Friday June 23, 2017 12:04 pm


YOUR GATEWAY TO OPERA AND CLASSICAL MUSIC
FanFaire celebrates AARON COPLAND
"who led American music out of the wilderness"

“Our Bach”

- David Del Tredici, composer

Aaron Copland (1900-1990) was the most admired and beloved American composer of the 20th century. The son of Eastern European Jewish immigrants, he was born and educated in Brooklyn. He lived in Paris in the early 1920s where he studied with the legendary Nadia Boulanger, teacher of many music luminaries such as Virgil Thompson, Walter Piston, Roy Harris, Astor Piazzolla, Daniel Barenboim, Dinu Lipatti, and Philip Glass.

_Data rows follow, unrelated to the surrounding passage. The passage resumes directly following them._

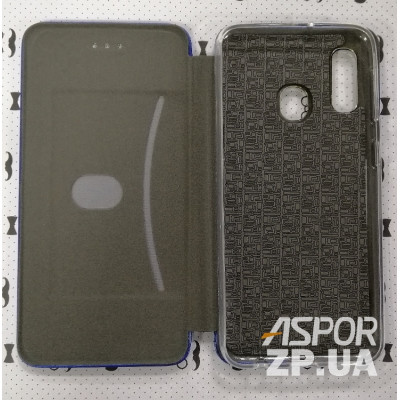 Чохол-книжка Aspor leather для Samsung A20e/A202- синій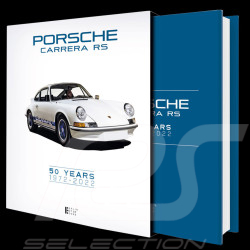 Book Porsche Carrera RS 50 Years 1972-2022 - Blue Edition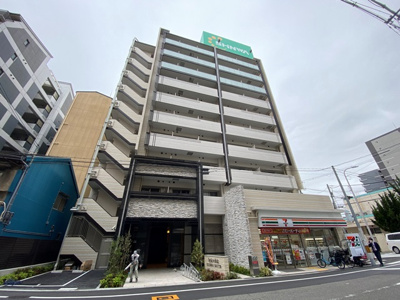 【外観】 | スプランディッド難波SOUTH | 落ち着いた雰囲気の外観です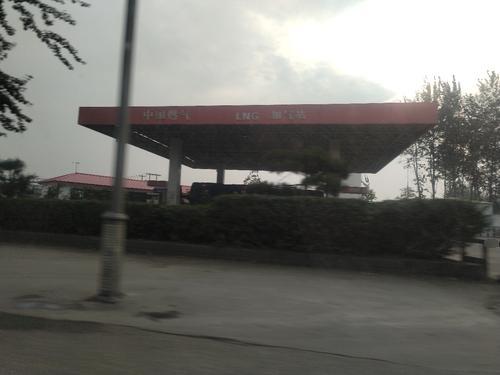 中国燃气加油站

Like other musicians of the period, Copland was initially influenced by jazz. But by the 1930s, he found his metier composing ballet and dance scores brimming with Western folk tunes such as Billy the Kid (1938), Rodeo (1942) and Appalachian Spring (1944) which are repertory favorites to this day. In 1951 Jerome Robbins choreographed his 1950 Clarinet Concerto as the ballet The Pied Piper. He also was a prolific composer of film scores, which include Of Mice and Men (1939), Our Town (1940), The City and The North Star (1943), The Red Pony (1949), and The Heiress (1949) which won an Academy Award.

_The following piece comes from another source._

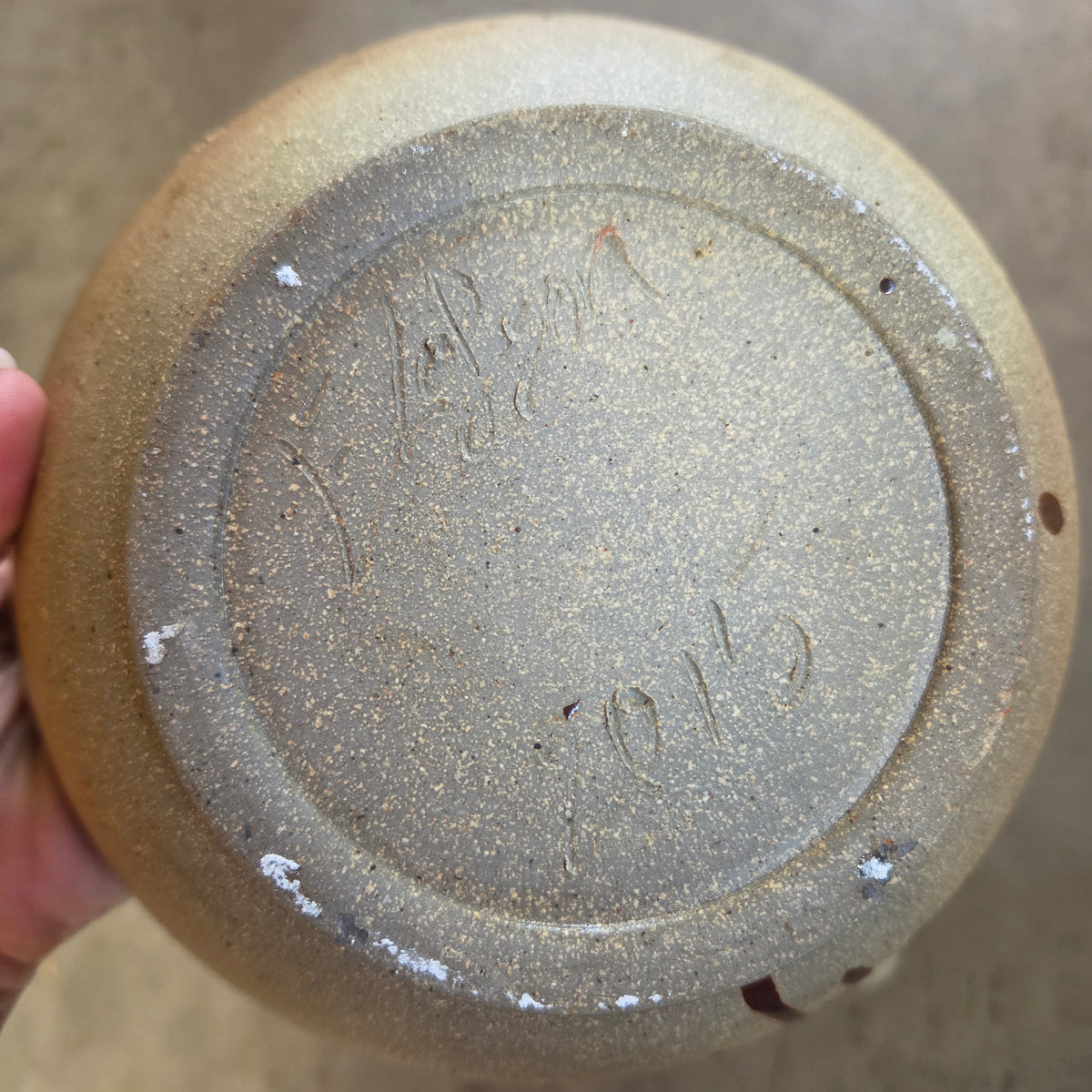 Carved Bowl- Pottery - #26-150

Aaron Copland was the recipient of numerous other awards, such as: A Pulitzer Prize for Appalachian Spring, the Edward Macdowell Medal, the Handel Medallion of the City of New York, the Gold Medal for Music of the American Academy of Arts and Letters, the Presidential Medal of Freedom (America’s highest civilian honor), and the 1979 Kennedy Center Honors.

Copland died in Peekskill, NY in 1990 at the age of 90.